Truncated SVD with rank $K$ $$ X \approx \hat{X} = U_k \Sigma_k V_k^\top ,$$ where

  • $U_k$ contains first $k$ columns of $U$
  • $V_k$ contains first $k$ columns of $V$
  • $\Sigma_k$ contains first $k$ diagonal elements of $\Sigma$

SVD разложение

It turns out that $$ \hat{X} = \arg \min\limits_{A\in \mathbb{R}{n \times d}, rank(A) \leq k} \| X-A \|_{Frobenius} $$


  • Have to fill missing values
    • with $0$
    • with baseline predictions
  • Optionally
    • $R' = R-B$ and fill with $0$
  • In the end:
    • $P = U \Sigma^{1/2}$
    • $Q = \Sigma^{1/2}V^\top$
    • $\hat{R} = P^\top Q$
  • How do we calculate $p_u$ for new user $u$ given his rating vector $r_u$?

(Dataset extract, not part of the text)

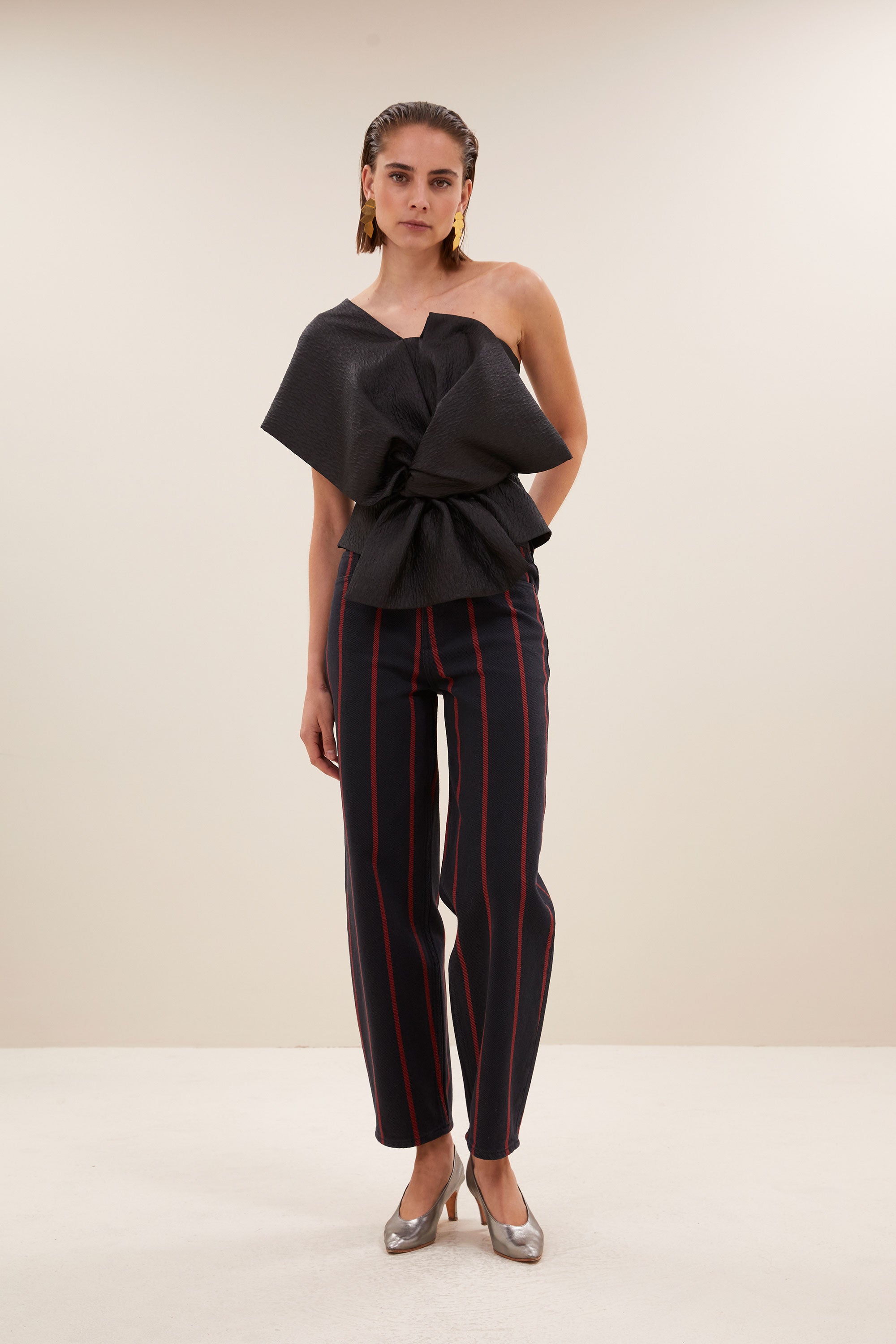 jula bubble top | jet black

Recalculation for new user

$$ p_u = \arg \min\limits_p \|r_u - Vp \|^2 = \{\text{OLS solution}\} = \left( V^\top V \right)^{-1} V^\top r_u = V^\top r_u$$
  • $p_u = V^\top r_u$ is a vector of scalar products $[\langle v_1, r_u \rangle, \langle v_2, r_u \rangle, \dots, \langle v_k, r_u \rangle]$
  • Backward transformation from low-dimensional representation $p_u$ to initial representation $\hat{r}_u$: $\hat{r}_u = Vp_u$

Latent Factor Model (Sparse SVD)

  • Lets optimize $$ \sum\limits_{u,i}(R_{ui} - \bar{R}_u - \bar{R}_i - \langle p_u, q_i \rangle)^2 \rightarrow \min\limits_{P, Q} $$
  • Using SGD and going through pairs $(u,i)$ with known $R_{ui}$: $$ p_{uk} = p_{uk} + 2\alpha \left(q_{ik}(R_{ui} - \bar{R}_u - \bar{R}_i - \langle p_u, q_i \rangle\right)$$ $$ q_{ik} = q_{ik} + 2\alpha \left(p_{uk}(R_{ui} - \bar{R}_u - \bar{R}_i - \langle p_u, q_i \rangle\right)$$

Latent Factor Model (Sparse SVD)

  • Add regularization $$ \sum\limits_{u,i}(R_{ui} - \bar{R}_u - \bar{R}_i - \langle p_u, q_i \rangle)^2 + \lambda \sum_u\| p_u \|^2 + \mu\sum_i\| q_i \|^2 \rightarrow \min\limits_{P, Q} $$
  • Using SGD and going through pairs $(u,i)$ with known $R_{ui}$: $$ p_{uk} = p_{uk} + 2\alpha \left(q_{ik}(R_{ui} - \bar{R}_u - \bar{R}_i - \langle p_u, q_i \rangle) - \lambda p_{uk}\right)$$ $$ q_{ik} = q_{ik} + 2\alpha \left(p_{uk}(R_{ui} - \bar{R}_u - \bar{R}_i - \langle p_u, q_i \rangle) - \mu q_{ik}\right)$$

Factorization Machines

  • Represent all users and items iteractions with one-hot encoded vector (of length $d=|U|+|I|$):
  • In such feature space we can consider various models:
$$ a(x) = w_0 + \sum\limits_{i=1}^d w_i x_i \quad \text(linear)$$$$ a(x) = w_0 + \sum\limits_{i=1}^d w_i x_i + \sum\limits_{i=1,j=i+1}^d w_{ij} x_i x_j \quad \text(polynomial)$$

Factorization Machines

  • Let's try to reduce the number of parameters and approximate $w_{ij}$ with $\langle v_i, v_j\rangle$, where $v_i$ is latent representation of feature $x_j$
$$ a(x) = w_0 + \sum\limits_{i=1}^d w_i x_i + \sum\limits_{i=1,j=i+1}^d \langle v_i, v_j\rangle x_i x_j \quad \text(fm)$$

Factorization Machines

Classification-based models

  • How can we adapt simple classification task to recommendation system domain?
  • Any problems here?

Measuring Quality

  • Ratings accuracy
    • MAE, MSE
  • Event quality
    • F-score, ROC-AUC, PR-AUC
    • precision@k, recall@k
  • Ranking quality
    • $DCG@k(u) = \sum\limits_{p=1}^k \frac{rel(i,p)}{\log{(p+1)}}$
    • $nDCG@k(u) = \frac{DCG@k(u)}{\max{(DCG@k(u))}}$
  • What else is usefull to measure?